The NSA giving actual proof of NK involvement is equivalent to them coming forward and admitting what they are: a threat far more dangerous for the security of the Internet than anything North Korea will ever be capable of.
admits to hacking NK first which they say can be considered an act of war just to let the world know NK commited a possible act of war? WTF?
by TheSpoom (715771) Uncaring Linux user here. I have nothing to add to this but please continue. *munches popcorn*
According to John McAfee, N. Korea had nothing to do with the Sony hack.
John McAfee says a lot of things and does a lot of things that seem pretty 'remarkable'. Either he is having one hell of a interesting life, or he is a pathological liar. It seems pretty convenient that he cannot even give this mystery group a name.

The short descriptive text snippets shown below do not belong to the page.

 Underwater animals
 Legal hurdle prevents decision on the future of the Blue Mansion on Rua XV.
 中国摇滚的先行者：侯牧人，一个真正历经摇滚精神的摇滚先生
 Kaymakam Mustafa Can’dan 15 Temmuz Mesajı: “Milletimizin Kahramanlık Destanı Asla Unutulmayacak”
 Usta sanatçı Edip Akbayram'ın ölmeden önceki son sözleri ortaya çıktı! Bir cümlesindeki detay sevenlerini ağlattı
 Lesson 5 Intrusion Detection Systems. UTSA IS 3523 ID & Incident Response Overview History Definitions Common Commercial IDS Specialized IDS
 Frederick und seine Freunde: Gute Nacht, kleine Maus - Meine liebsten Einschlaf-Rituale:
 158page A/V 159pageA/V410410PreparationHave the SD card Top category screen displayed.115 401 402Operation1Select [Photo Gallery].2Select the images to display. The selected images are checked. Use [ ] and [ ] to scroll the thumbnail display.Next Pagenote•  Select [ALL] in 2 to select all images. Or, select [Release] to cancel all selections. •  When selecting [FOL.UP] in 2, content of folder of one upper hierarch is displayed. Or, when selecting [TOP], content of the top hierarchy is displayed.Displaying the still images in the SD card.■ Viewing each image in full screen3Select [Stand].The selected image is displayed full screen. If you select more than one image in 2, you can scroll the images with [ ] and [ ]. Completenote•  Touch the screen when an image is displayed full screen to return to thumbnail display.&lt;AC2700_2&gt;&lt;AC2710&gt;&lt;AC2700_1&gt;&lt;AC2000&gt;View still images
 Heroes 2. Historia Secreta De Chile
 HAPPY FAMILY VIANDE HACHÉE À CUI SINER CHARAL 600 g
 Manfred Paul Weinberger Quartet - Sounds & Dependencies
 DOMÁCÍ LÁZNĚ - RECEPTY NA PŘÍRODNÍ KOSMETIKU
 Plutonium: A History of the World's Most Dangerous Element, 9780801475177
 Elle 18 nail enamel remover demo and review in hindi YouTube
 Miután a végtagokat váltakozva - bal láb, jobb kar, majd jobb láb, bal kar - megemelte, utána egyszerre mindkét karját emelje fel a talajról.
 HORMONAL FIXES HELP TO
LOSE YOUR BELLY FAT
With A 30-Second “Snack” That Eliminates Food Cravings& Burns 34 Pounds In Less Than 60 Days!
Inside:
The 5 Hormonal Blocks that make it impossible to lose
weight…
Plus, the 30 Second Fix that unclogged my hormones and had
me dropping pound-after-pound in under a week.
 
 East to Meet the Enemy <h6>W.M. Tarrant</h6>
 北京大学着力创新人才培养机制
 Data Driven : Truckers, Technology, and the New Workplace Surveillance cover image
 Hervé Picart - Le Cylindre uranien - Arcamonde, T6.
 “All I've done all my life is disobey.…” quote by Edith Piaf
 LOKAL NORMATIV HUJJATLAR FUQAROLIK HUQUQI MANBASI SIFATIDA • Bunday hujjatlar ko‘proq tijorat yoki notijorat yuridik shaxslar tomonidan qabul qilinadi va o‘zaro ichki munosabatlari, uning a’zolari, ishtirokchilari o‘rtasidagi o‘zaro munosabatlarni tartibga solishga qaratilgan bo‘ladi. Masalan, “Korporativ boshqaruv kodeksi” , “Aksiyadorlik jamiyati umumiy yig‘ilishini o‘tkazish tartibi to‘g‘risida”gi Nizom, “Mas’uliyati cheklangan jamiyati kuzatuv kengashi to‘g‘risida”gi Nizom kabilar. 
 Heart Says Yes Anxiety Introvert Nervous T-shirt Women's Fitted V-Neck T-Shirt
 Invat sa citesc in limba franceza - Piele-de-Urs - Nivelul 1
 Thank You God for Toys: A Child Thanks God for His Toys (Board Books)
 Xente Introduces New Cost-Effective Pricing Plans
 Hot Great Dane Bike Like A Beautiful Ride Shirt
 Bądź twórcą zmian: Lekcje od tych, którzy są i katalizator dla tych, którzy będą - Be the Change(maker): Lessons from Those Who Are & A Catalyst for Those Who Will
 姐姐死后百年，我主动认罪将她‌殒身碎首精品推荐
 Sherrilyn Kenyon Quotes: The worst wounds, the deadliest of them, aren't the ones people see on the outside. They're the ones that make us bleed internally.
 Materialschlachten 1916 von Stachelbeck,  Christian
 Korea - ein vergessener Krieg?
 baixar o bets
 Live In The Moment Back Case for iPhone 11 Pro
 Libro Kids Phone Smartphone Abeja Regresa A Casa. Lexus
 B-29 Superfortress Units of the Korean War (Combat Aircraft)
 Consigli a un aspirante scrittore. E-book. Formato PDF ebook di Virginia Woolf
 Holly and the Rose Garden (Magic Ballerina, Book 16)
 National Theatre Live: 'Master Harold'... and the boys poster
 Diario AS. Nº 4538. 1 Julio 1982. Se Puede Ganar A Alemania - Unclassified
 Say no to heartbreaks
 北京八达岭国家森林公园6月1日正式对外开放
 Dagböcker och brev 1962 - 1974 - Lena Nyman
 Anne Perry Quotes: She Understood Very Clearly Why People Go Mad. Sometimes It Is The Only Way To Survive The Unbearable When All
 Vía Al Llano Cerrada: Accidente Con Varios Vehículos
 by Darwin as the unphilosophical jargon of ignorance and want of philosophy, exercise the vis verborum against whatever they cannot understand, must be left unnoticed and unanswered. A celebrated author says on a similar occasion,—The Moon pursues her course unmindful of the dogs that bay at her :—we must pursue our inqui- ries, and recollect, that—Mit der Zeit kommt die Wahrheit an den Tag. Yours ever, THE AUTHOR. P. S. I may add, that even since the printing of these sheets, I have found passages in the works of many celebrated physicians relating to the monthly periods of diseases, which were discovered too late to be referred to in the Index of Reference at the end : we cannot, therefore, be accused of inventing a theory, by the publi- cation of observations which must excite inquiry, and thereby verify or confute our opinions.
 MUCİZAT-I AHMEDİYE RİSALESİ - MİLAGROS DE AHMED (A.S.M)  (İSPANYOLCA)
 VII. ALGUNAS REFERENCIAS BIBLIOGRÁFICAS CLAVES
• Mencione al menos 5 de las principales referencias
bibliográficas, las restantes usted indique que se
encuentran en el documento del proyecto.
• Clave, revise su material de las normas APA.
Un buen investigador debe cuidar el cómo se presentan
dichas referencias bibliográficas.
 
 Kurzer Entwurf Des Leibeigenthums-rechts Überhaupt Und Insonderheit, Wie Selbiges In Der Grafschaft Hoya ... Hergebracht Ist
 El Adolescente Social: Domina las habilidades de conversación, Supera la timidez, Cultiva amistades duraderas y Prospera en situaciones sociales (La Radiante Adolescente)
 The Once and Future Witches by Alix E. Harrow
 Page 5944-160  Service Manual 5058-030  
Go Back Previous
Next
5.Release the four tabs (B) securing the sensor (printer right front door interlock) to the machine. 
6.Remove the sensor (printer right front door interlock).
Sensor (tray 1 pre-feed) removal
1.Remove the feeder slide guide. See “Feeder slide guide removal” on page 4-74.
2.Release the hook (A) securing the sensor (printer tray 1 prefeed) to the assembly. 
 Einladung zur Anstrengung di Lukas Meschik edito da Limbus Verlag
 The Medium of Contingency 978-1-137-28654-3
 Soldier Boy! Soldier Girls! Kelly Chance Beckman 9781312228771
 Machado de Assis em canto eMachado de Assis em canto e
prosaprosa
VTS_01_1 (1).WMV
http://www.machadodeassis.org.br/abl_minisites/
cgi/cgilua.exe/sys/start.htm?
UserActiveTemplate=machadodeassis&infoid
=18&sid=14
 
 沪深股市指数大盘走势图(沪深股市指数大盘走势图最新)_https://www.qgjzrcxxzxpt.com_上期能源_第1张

North Korea has a well established history of aggressive, belligerent behavior, and this sort of thing sounds right up their alley. John is going have to cough up a lot more evidence than his good word that an agency with thousands of people and billions of dollars in hardware devoted keeping an eye on a rouge nation is wrong.
HA! I just wasted some of your bandwidth with a frivolous sig!
Spying on another country does not constitute an attack; bringing down its systems would be an attack. Like bringing down a company's computer systems would be an attack. (Spying on US companies by network infiltration has been going on for decades, including defense contractors; to my knowledge, while that spying was frowned on, it hasn't been labeled an attack.)
It's also the case that North Korea is technically still at war with South Korea, which is an ally of ours. And it has attacked boats in international waters. And it has nukes, which it has threatened to use on other countries, including Japan (another US ally) and the US. And it has rockets capable of achieving orbit, which could in principle be used to deliver those nukes. I don't say that any of these are plausible imminent threats, but it would be foolish of the US not to use all means it can--short of attacks--to keep track of the reality behind the threats.
Whereas Sony is an entertainment company.
A.) He didn't bring anything down, just told us what we already knew. The only result is that the IT community looks a lot less like tinfoil hat wearing conspiracy theorists.
B.) So, our allies' communications and infrastructure are now considered "behind enemy lines"?
C.) I really do feel slightly safer now, you criminal organization apologist/sympathizer.